Carbon Dioxide Sensor (On Hold)

Environmental Stewardship & Social Justice

Background

With increasing concern for climate change and the environment, analysis of water and CO2 exchange in plants is needed to assist sustainable land planning. Plants play a key role in regulating the carbon dioxide content of the Earth’s atmosphere, and with the destruction of natural habitats for resources and urban development, finding sustainable options to replant can help urban, drought and fire affected areas reduce their carbon footprint and water consumption.

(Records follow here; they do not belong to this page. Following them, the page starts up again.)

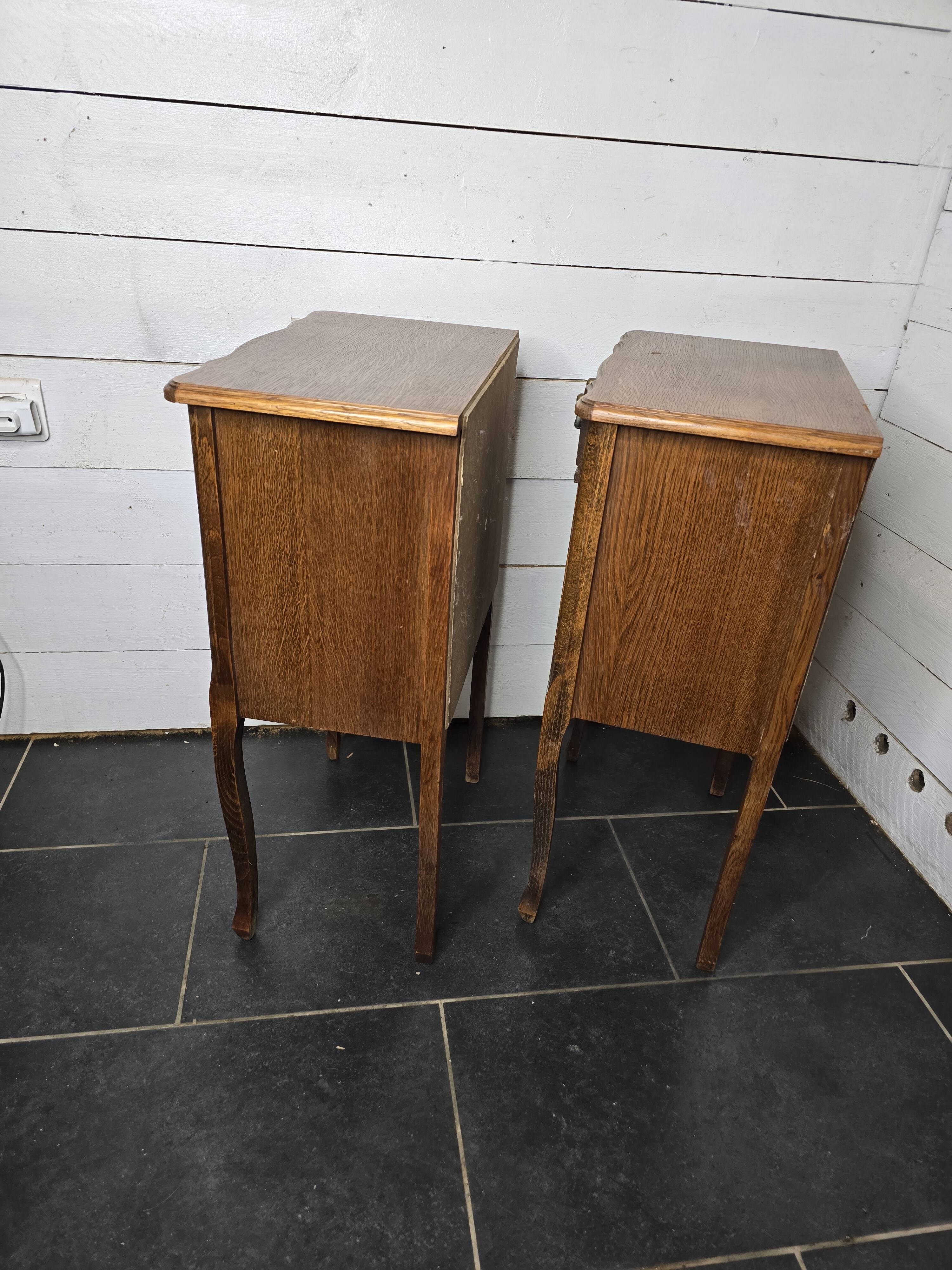 Pair of Louis XV style oak bedside tables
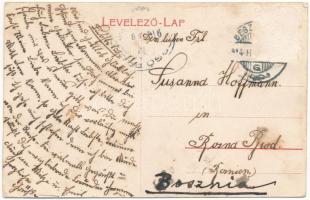 1914 Beszterce, Bistritz, Bistrita; Fa utca, Beszterce Vidéke Takarékpénztár, üzletek / Holzgasse. B...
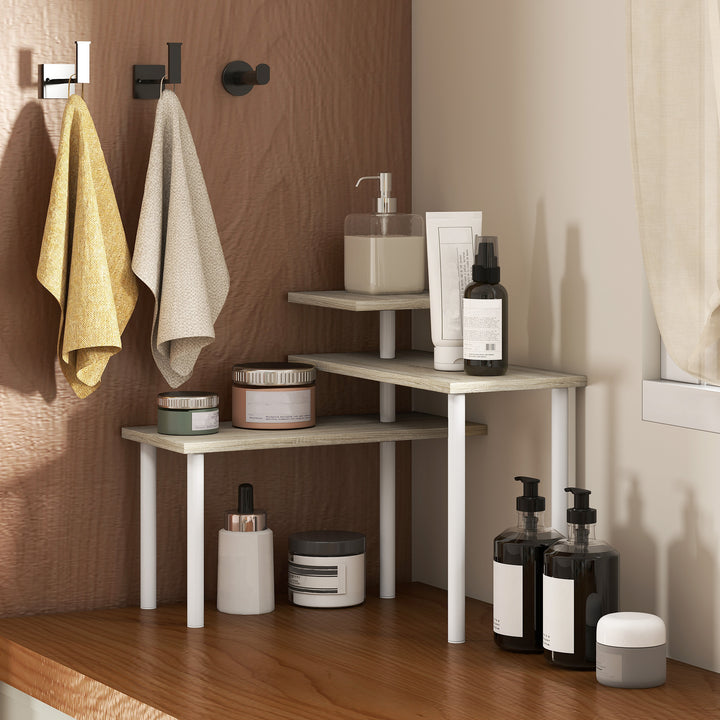 Estante de Cozinha de 3 Níveis Estante de Cozinha com 3 Prateleiras Giratórias Estrutura de Metal e Design em Degraus para Sala de Jantar Sala de Estar 40x18x36,5 cm Madeira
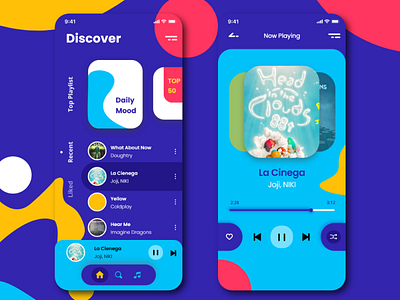 Mobile App - Music App Design app blue branding clean design illustration ios minimal minimalism mobile mobileapp music musicapp musicplayer typography uiux ux web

Plants use two primary functions to produce and store energy: photosynthesis and respiration. Photosynthesis describes the chemical reaction in plants that converts CO2, water, and sunlight into glucose and oxygen,

6CO2 + 6H2O = C6H12O6 +6 O2,

and respiration describes the conversion of glucose and oxygen into CO2, water, and energy in the absence of light,

C6H12O6 + 6O2 = 6CO2 + 6H2O.

Transpiration describes the exchange of water between the plant and the air around it during photosynthesis and respiration. Water is carried from the roots to the leaves during photosynthesis, and then released through the leaves during respiration.

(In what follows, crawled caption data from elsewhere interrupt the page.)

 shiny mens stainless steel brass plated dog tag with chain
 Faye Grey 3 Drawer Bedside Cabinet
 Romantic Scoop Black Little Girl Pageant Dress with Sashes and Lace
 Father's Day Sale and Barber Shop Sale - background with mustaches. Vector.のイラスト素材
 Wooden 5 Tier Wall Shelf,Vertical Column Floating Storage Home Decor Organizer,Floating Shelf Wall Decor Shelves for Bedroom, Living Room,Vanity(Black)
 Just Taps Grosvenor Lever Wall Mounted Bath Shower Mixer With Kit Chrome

Unfortunately, existing CO2 measurement systems for analyzing the photosynthetic CO2 exchange, respiration and transpiration of plants often cost over $10,000 dollars and require manual data collection, proving costly and inefficient.

Goals and Design

We hope to create an affordable system for under $200 that can be used to capture a leaf's respiratory rates in situ. Our goal for making this measurement chamber accessible to all is to facilitate the creation of a plant library that identifies the effects of climate and environment change on transpiration in plants around the world. Ideally, we could also use this data to identify optimal plants for carbon sequestration for a given area.

Current systems cost thousands of dollars and are human operated; they cannot be left out in the field for repeated measurements. Our system will be automated to be viable in the field using Arduino or RasPi without compromising the quality of data, making this data more accessible and promoting sustainable land planning. We will develop this system using readily available components and make the design open source, so that anyone can build and improve upon our design.

Updates

Our preliminary prototype autonomously isolates the leaf to measure CO2, temperature, and relative humidity and is easy-to-use through a wireless interface and centralized database.

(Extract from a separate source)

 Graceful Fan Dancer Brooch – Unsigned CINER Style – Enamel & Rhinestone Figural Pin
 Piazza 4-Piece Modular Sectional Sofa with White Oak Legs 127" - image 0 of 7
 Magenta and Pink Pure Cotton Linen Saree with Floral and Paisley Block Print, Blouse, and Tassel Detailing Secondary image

The housing is comprised of materials that do not affect the CO2 concentrations in the housing: PET, EPDM weather resistant, closed-cell foam gasket and was optimized this year through simulation to ensure non-stratified airflow. The next steps are to optimize the chamber design based on these simulations and optimize the automated fastening mechanism.

 

If we can successfully balance the cost and quality of data for our automated CO2 analysis system, we hope that scientists and environmental enthusiasts alike can access this data to promote a sustainable future. Ultimately we hope that this measurement system alongside the plant library will promote informed decision making about the plants we choose for CO2 uptake and water conservation.